ライフプラン手当のメリット・デメリットは?
そもそも選択制企業型DCとは、従業員の給与を減額した上で、減額部分を「企業型DCの掛金として拠出する」もしくは「これまでどおり給与として受け取る」ことを従業員が自らの意志で選択することができる確定拠出年金制度です。実際には、事業主掛金(ライフプラン手当、ライフデザイン手当等)と、給与として支給する現金の割合を変えた複数の選択肢が用意されているケースが多くみられます。選択にあたっては制度のメリットとデメリットをよく理解することが大切です。
仮に企業型DCへの拠出を選択した場合は、拠出分の金額は給与とはみなされないため、結果としてその分、所得税、住民税が減るメリットがあります。また会社員の場合、毎月給与天引きで厚生年金、健康保険といった社会保険料を支払っていますが、これらの社会保険料の金額は、給与額に応じて区分される等級ごとの標準報酬に保険料率を掛けて計算されています。つまり給与が下がれば等級も下がるので結果、社会保険料も安くなります。
前沢さんは30歳ですので、今加入すると、30年程度D Cに加入できることになり、税金や社会保険料負担が合計数百万円単位で軽減されるでしょう。税金や社会保険料の負担減などを考えると、給与で受け取るよりも企業型DCに掛金を拠出した方が良さそうだと感じると思いますが、デメリットもあります。
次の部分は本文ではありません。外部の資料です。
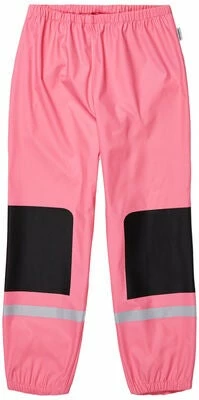 Nordbjørn Baltic Regnbukse, Pink Lemonade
社会保険料の金額が安くなるということは、将来受け取る年金の金額や社会保障の給付額が少なくなるのです。国民年金には影響はありませんが、老齢厚生年金をはじめ、障害厚生年金、遺族厚生年金などの年金が減ったり、ケガや病気になって会社を休む場合に健康保険から支給される傷病手当金、また雇用保険から支給される、失業した際の失業給付や介護で会社を休む際の介護休業給付金の給付額も減ってしまいます。